Ethics Dialogue: Navigating the boundaries of Informed Consent and AI in research
In the rapidly evolving landscape of scientific research, informed consent and artificial intelligence (AI) present complex ethical challenges. This session will feature a dialogue between two experts who will present their views on the current approach to data privacy, consent, and the role of AI in research. The discussion will encourage open, critical, and engaging conversation with the participants to critically examine the tension between research, innovation and ethics, offering a space for collaborative exploration of the dilemmas that face modern research. The session will be moderated by Jan Bjaalie.
Who You’ll Be Hearing From
This session brings together expert voices from across the EBRAINS community and beyond. Discover the people sharing their insights, research, and perspectives on the topic.


Susanne Schreiber studied biophysics at Humboldt University Berlin. Her first hands-on encounter with neuroscience research was during her Diploma thesis in the lab of Simon Laughlin at the University of Cambridge, UK. For the first half of her PhD, she joined the lab of Terry Sejnowski at the Salk Institute for Biological Studies in La Jolla, US, as a doctoral Sloan-Swartz Fellow. She completed the dissertation in Berlin in the lab of Andreas Herz.

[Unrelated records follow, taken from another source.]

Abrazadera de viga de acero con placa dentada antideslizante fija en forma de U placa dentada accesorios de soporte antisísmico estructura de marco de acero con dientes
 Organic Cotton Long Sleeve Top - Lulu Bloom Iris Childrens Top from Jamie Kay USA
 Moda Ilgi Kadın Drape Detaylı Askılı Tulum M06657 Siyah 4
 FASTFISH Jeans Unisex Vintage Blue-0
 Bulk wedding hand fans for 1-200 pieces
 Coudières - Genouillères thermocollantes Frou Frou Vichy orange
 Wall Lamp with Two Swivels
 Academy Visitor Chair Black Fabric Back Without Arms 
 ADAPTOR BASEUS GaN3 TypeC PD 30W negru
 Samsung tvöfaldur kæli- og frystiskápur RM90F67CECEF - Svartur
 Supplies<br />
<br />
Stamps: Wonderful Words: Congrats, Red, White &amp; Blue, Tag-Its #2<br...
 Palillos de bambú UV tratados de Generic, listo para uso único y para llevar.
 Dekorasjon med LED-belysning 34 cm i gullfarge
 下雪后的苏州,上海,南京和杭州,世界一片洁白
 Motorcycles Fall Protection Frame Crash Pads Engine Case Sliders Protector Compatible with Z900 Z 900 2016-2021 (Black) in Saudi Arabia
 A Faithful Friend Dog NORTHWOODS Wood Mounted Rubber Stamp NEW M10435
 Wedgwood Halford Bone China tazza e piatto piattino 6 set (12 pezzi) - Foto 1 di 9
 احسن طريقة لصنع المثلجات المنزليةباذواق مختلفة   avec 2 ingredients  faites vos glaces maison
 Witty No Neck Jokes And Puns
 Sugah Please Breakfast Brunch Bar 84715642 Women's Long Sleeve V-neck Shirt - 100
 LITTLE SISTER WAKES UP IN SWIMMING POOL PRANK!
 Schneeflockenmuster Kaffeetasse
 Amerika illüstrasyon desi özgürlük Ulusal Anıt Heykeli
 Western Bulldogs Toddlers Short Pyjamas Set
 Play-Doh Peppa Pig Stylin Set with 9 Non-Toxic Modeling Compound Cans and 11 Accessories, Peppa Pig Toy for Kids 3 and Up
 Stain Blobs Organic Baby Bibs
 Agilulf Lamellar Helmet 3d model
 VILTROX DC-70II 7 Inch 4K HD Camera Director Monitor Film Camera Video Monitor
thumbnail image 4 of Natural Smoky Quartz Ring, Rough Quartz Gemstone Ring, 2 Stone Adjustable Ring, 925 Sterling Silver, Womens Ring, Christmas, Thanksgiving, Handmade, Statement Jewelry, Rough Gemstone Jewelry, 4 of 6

In 2008 Susanne received the Bernstein Award for Computational Neuroscience which allowed her to found her own computational neurophysiology lab at Humboldt-University Berlin, where she was tenured in 2015 and became Einstein professor in 2021. Her lab investigates principles of neural computation combining a biophysical and an evolutionary perspective. She is the Chair of the Bernstein Network for Computational Neuroscience in Germany (since 2019) and Vice Chair of the German Ethics Council (since 2020).


Hervé Chneiweiss is a neurologist and neuroscientist, MD-PhD, Emeritus Research Director (CNRS) at the Centre for Neuroscience Sorbonne University and neuro-oncologist at hosp. La Salpétrière (AP-HP). Trained as a neurologist (movement disorders, neurogenetics and then brain tumors), his scientific work was dedicated to the plasticity of astrocytes and for the last 20-y their roles in brain tumor origin, progression and treatment resistance, identifying new metabolic drivers and therapeutic avenues. He has authored more than 200 academic papers. He is also involved in bioethics, presently chair Inserm Ethics Committee, EMBL Ethics Board, EBRAINS Science and Society and ARRIGE, past-chair of UNESCO International Bioethics Committee, former member French National Ethics Committee (CCNE), WHO advisory committee on developing global standards for governance and oversight of human genome editing, expert for OECD for neurotechnology. He wrote several books or chapters on bioethics of human embryos, stem cells, genetics and neuroscience.